Researchers have been working for decades on improving the anti-icing performance of functional surfaces. Ice accumulation on aircraft wings, for instance, can reduce lifting force, block moving parts and cause disastrous problems.
Research in the journal AIP Advances, from AIP Publishing, investigates a unique nanostructure, modeled on moth eyes, that has anti-icing properties. Moth eyes are of interest because they have a distinct ice-phobic and transparent surface.
The researchers fabricated the moth eye nanostructure on a quartz substrate that was covered with a paraffin layer to isolate it from a cold and humid environment. Paraffin wax was chosen as a coating material due to its low thermal conductivity, easy coating and original water repellency.

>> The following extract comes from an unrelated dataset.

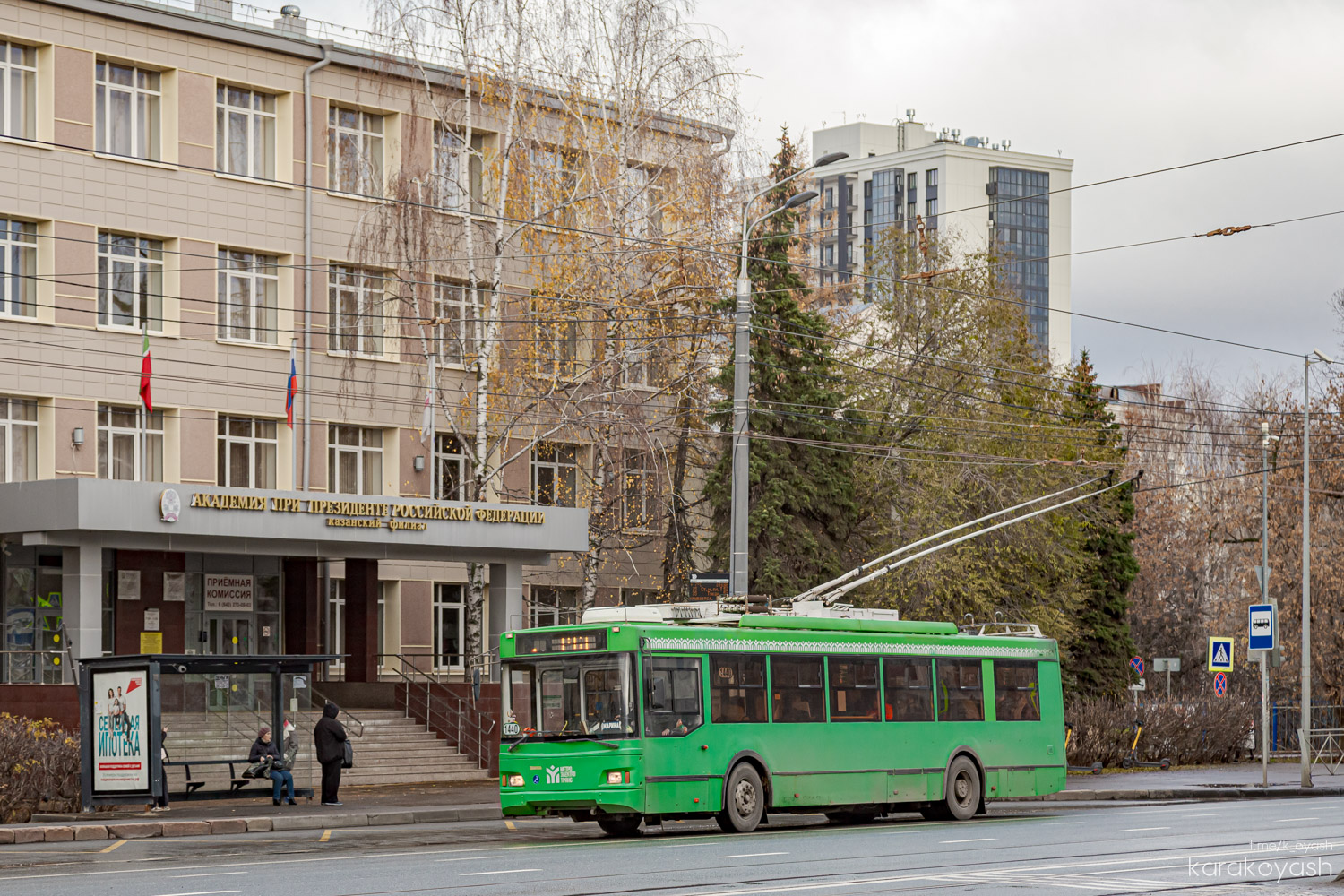 Казань, Тролза-5275.03 «Оптима» № 1440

“We evaluated the anti-icing properties of this unique nanostructure covered with paraffin in terms of adhesion strength, freezing time and mimicking rain sustainability,” said Nguyen Ba Duc, one of the authors.

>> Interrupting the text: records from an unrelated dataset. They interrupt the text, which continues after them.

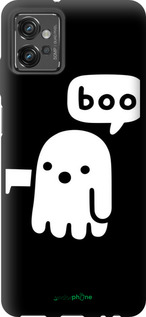 TPU чехол Призрак Неодобрения для Motorola G32 - 6431b-2845 изображение 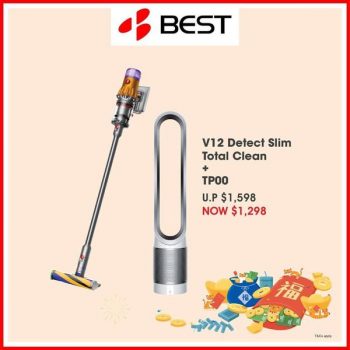 BEST-Denki-Selected-Dyson-Products-Lunar-New-Year-Promotion2-350x350 27 Jan 2022 Onward: BEST Denki Selected Dyson Products Lunar New Year Promotion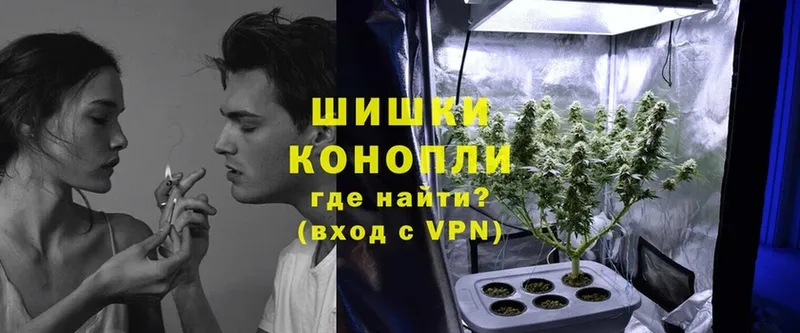 наркота  Буинск  Канабис Bruce Banner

Ice accumulation on energy transmission systems, vehicles and ships in a harsh environment often leads to massive destruction and contributes to serious accidents.

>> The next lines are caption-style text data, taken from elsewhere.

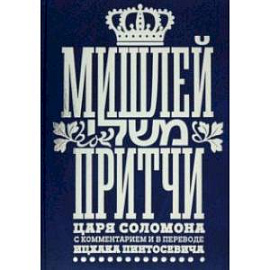 Мишлей. Притчи царя Соломона
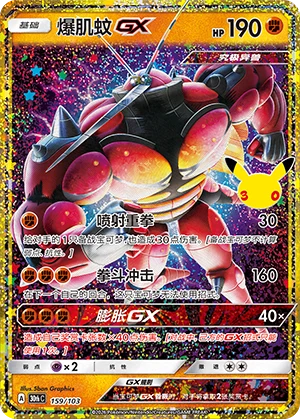 Mouscoto GX (159/103)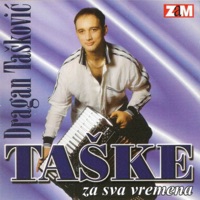 Dragan Taskovic Taske - Kolubarski Vez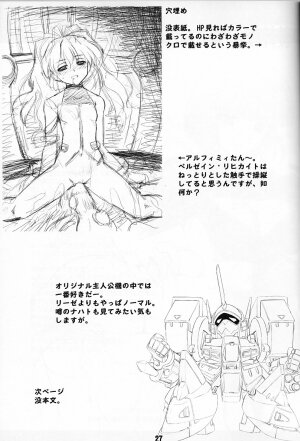 (SC28) [RUBBISH Selecting Squad (Namonashi)] A to A (Super Robot Wars) - Page 26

The researchers found the moth eyes nanostructure surface coated in paraffin exhibited greatly improved anti-icing performance, indicating the advantage of combining original water repellency and a unique heat-delaying structure. The paraffin interfered in the icing process in both water droplet and freezing rain experiments.
The number of air blocks trapped inside the nanostructure also contributed to delaying heat transfer, leading to an increase in freezing time of the attached water droplets.
“We also determined this unique nanostructure sample is suitable for optical applications, such as eyeglasses, as it has high transparency and anti-reflective properties,” said Ba Duc.
The high transparency and anti-reflective effects were due to the nanostructure being modeled on moth eyes, which have these transparent and anti-reflective properties.